Stored dataset items
───

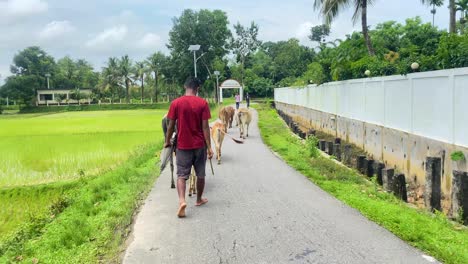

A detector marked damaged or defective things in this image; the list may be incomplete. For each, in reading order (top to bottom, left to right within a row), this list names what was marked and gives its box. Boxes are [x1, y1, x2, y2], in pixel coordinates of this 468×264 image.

cracked asphalt [122, 108, 436, 264]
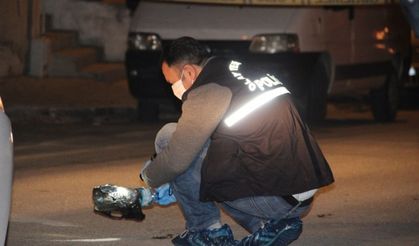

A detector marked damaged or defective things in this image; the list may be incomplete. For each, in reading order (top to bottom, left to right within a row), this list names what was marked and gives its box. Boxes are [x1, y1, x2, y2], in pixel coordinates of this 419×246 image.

burnt plastic debris [92, 184, 150, 220]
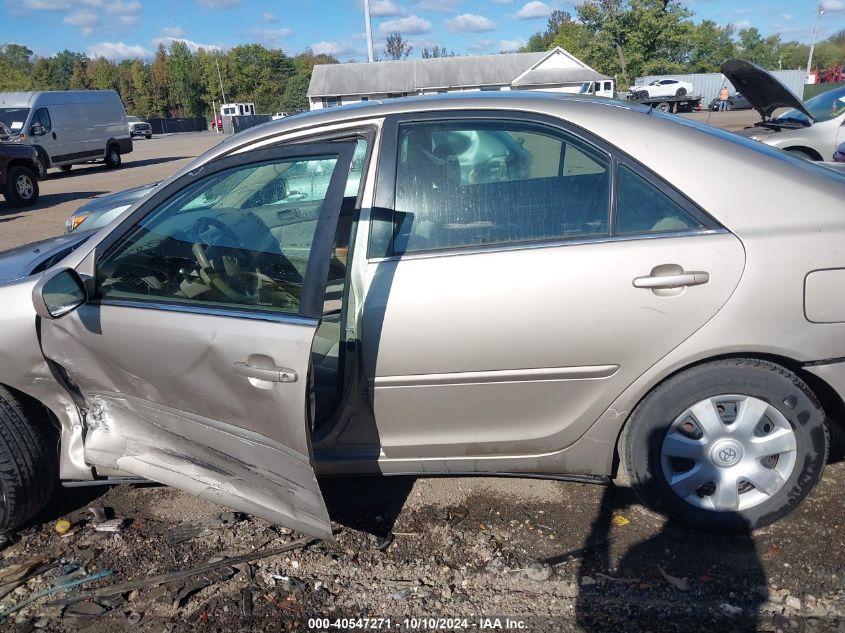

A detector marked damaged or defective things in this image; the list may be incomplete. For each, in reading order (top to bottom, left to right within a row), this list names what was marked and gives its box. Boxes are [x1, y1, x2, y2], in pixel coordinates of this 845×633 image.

wrecked hood [720, 58, 812, 121]
wrecked hood [0, 230, 93, 284]
damaged toyota camry [1, 92, 844, 540]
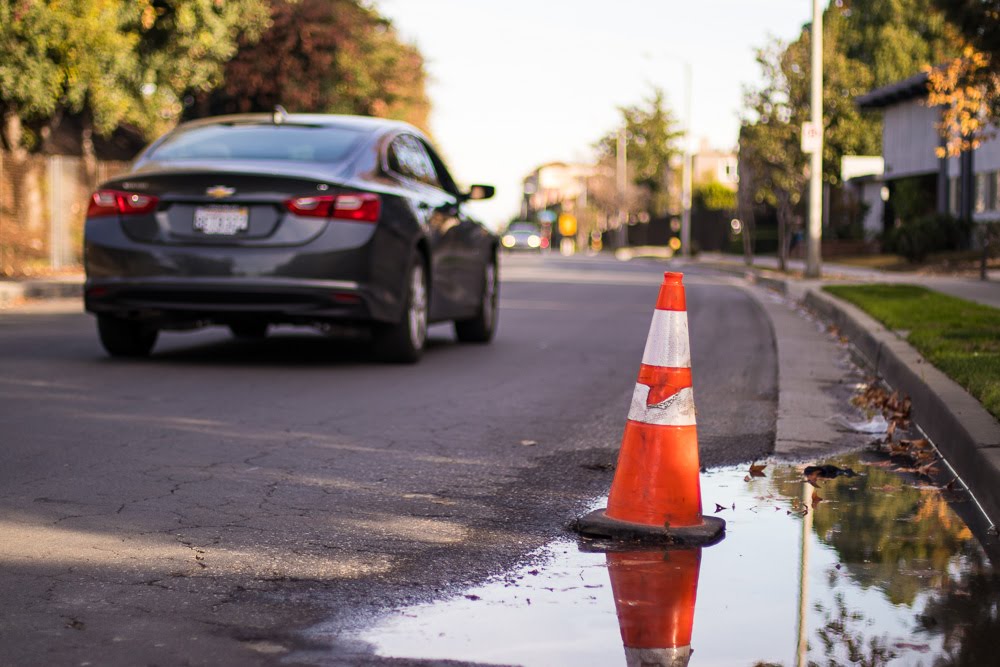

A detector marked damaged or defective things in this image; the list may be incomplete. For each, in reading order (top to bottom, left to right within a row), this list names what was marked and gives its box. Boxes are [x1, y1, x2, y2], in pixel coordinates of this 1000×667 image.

───

Copy every line of the records exactly as it is written, but not the pictures.

A detector marked damaged or defective things in this image; the list may be incomplete. For each, in reading order (top to bottom, left to right within a row), this list names what was marked and gives its box. Boxes are [x1, y1, x2, y2], in pixel coordinates of this 468×264 image.

cracked asphalt [122, 108, 436, 264]

A detector marked damaged or defective things in this image; the list may be incomplete. For each, in reading order (top to bottom, left to right within a row), this list names what was marked and gives its box. Boxes are [x1, y1, x2, y2], in pixel coordinates of this 419×246 image.

burnt plastic debris [92, 184, 150, 220]

A detector marked damaged or defective things in this image; the list may be incomplete. For each, in reading order (top to bottom, left to right within a row), this list names what was marked and gives its box. Boxes are [x1, y1, x2, y2], in pixel coordinates of this 845×633 image.

wrecked hood [720, 58, 812, 121]
wrecked hood [0, 230, 93, 284]
damaged toyota camry [1, 92, 844, 540]

A detector marked damaged or defective things in this image; the list may be incomplete. For each, in reading order (top to bottom, left to right within a row), this list names what was marked and gives its box. Boxes are [x1, y1, x2, y2], in pixel coordinates of this 1000×667 image.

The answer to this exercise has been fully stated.